All that new shale oil may not be enough as big discoveries drop
Three years after causing an oil-price crash, the shale boom may not be enough to meet rising global demand because the industry has cut back so sharply on higher-risk mega-projects.
Discoveries of new reserves this year were the fewest on record and replaced just 11 per cent of what was produced, according to a Dec. 21 report by consultant Rystad Energy. While shale wells are creating a glut now, without more investment in bigger, conventional supply, the world may see output deficits as soon as 2019, according to Suncor Energy Inc.
“Tight rock is not going to solve the global supply-demand issue,” said Adam Waterous, chief executive officer at the Calgary-based Waterous Energy Fund, which invests as much as $400 million. “Its going to take a long time for those mega-projects to come back on.”
Fracking made it possible to squeeze crude from tight-rock formations and turned the U.S. into the world’s top producer. But it also sent the global benchmark for oil tumbling from $115 a barrel in 2014 to less than $55 in October.
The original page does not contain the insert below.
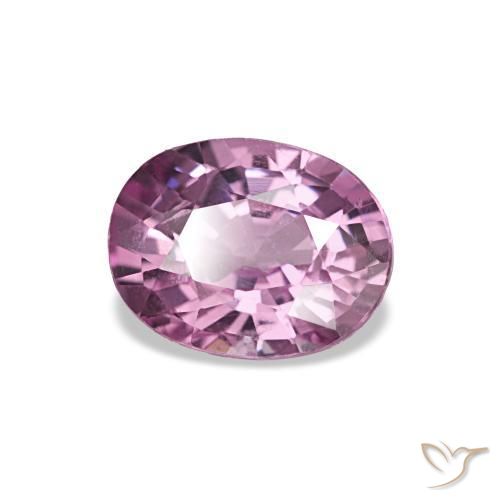Espinela Medium Light-Purple natural de 1.03 ct, Corte Óvalo, VVS-VS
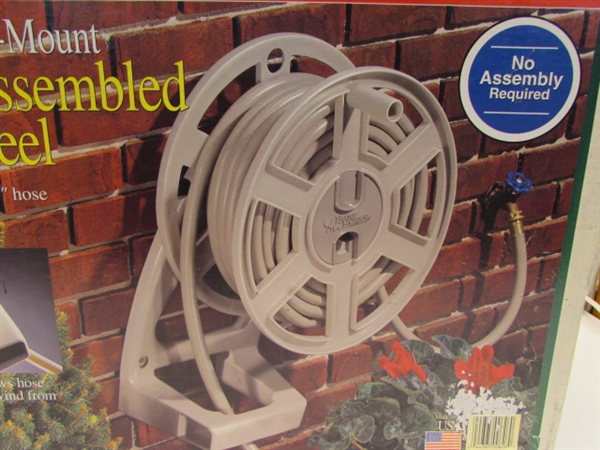 DELUXE WALL MOUNTED HOSE REEL. NEW!!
That’s eroded the incentive for companies to invest billions of dollars on new reserves that take years to develop but can produce for decades.
Oil prices would need to climb to $80 and remain at that level for two years to justify the costly deepwater projects off the coasts of West Africa or Brazil, Waterous said. And even then, it could take a decade before crude from those investments would arrive on the market, he said. Prices topped $66 this week.
For now, producers have set their sights on smaller, less-risky reserves. In 2013, when investment was peaking and prices were comfortably above $90, the industry was starting new projects that typically targeted reserves of 1.1 billion barrels and cost $9 billion each, according to a January report by consultant Wood Mackenzie Ltd. By 2017, projects on average were expected to shrink to 500 million barrels each and cost $3 billion.
That’s primarily because fracking of North American shale formations in places like Texas and North Dakota has transformed the industry.
Companies like Royal Dutch Shell and Exxon Mobil historically invested tens of billions of dollars over many years to develop huge reserves in isolated areas like Alberta, Kazakhstan or in the middle of the ocean.
Shale is different. A tight-oil well could be drilled within a year for a few million dollars. As prices fell, more companies jumped in with more investment.
Now, shale regions that were barely a blip on world markets a decade ago are expected to pump 7.5 million barrels a day in four years, and output probably won’t peak until after 2025, according to the Organization of Petroleum Exporting Countries.
But as robust as U.S. shale oil has been and will continue to be, those reserves alone face a “daunting task” keeping pace with growing global demand if approvals of conventional projects don’t pick up, the IEA said in September. Earlier this year, researchers at the Massachusetts Institute of Technology said the U.S. government may be overstating future growth in shale output because of flawed assumptions about oil technology.